Task — Look through the data below for the line with "T-shirt Uomo a" and the line with "烤肉使用直接來自關村牧場的稀有中草藥牛肉和中藥三元豬肉。", then transcribe exactly from the first through the second, leaving out all pictures.

Dataset —
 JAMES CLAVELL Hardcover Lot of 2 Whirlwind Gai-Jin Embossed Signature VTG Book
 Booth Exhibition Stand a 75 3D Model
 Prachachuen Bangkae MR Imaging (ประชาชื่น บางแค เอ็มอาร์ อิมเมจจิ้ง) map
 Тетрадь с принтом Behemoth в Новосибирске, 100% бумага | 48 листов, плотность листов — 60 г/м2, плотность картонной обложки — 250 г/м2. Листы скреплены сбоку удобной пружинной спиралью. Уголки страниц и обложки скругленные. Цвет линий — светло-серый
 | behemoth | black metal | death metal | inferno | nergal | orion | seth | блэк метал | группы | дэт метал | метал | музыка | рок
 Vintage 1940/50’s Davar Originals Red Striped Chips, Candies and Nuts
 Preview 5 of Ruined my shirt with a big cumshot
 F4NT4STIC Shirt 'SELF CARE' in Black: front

--

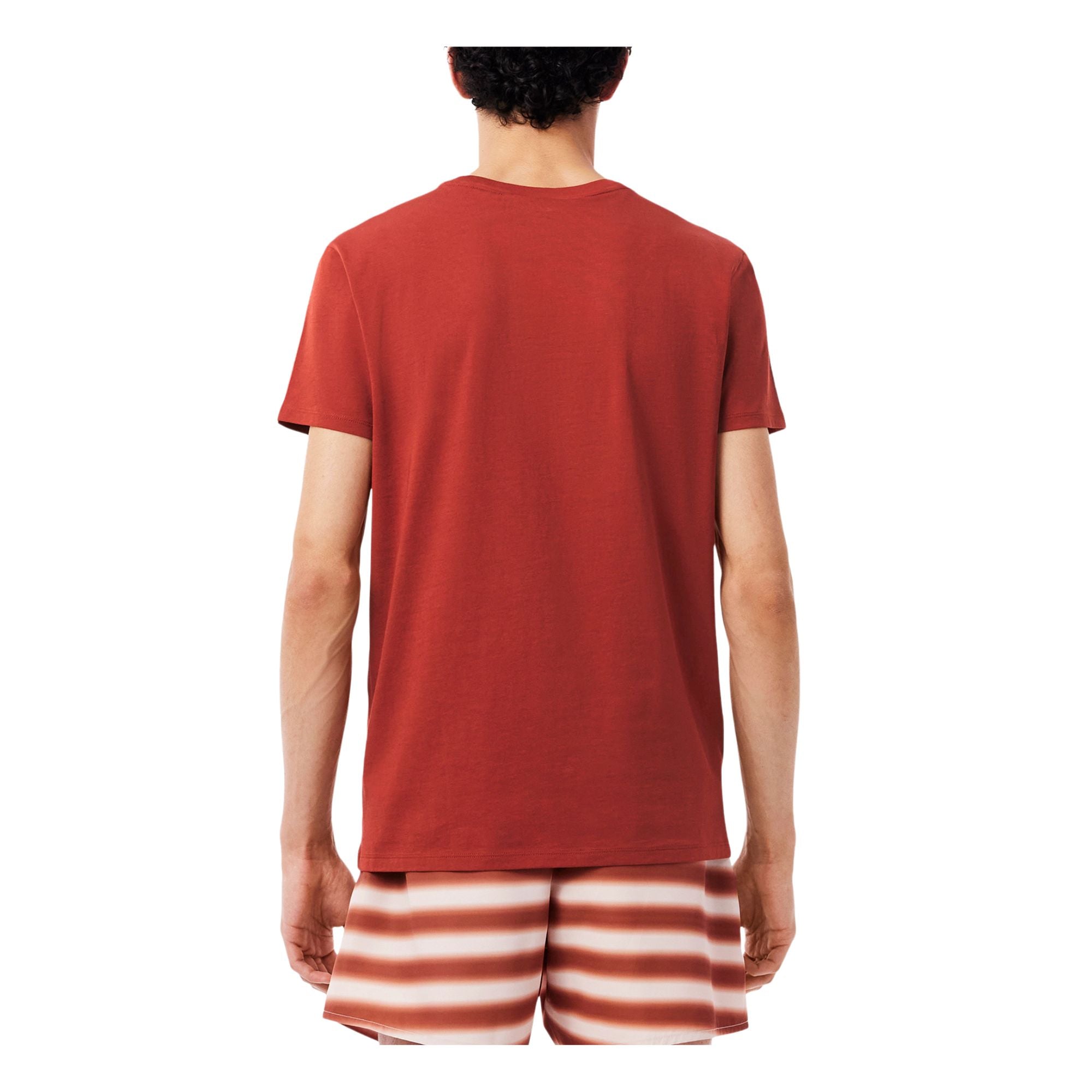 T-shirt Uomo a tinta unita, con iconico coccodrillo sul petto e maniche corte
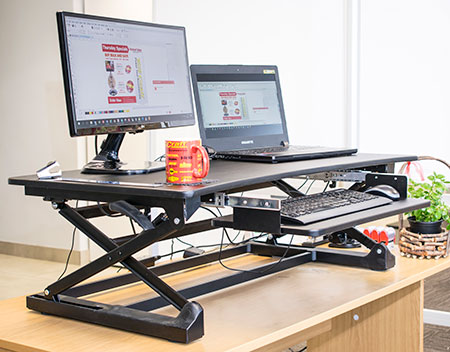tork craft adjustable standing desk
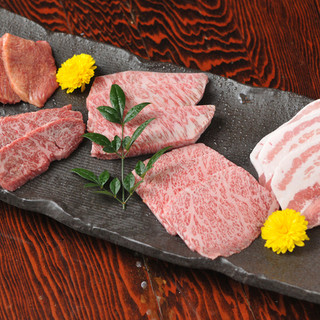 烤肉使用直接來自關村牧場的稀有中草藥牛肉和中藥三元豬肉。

Written reply —
 T-shirt Uomo a tinta unita, con iconico coccodrillo sul petto e maniche corte
tork craft adjustable standing desk
 烤肉使用直接來自關村牧場的稀有中草藥牛肉和中藥三元豬肉。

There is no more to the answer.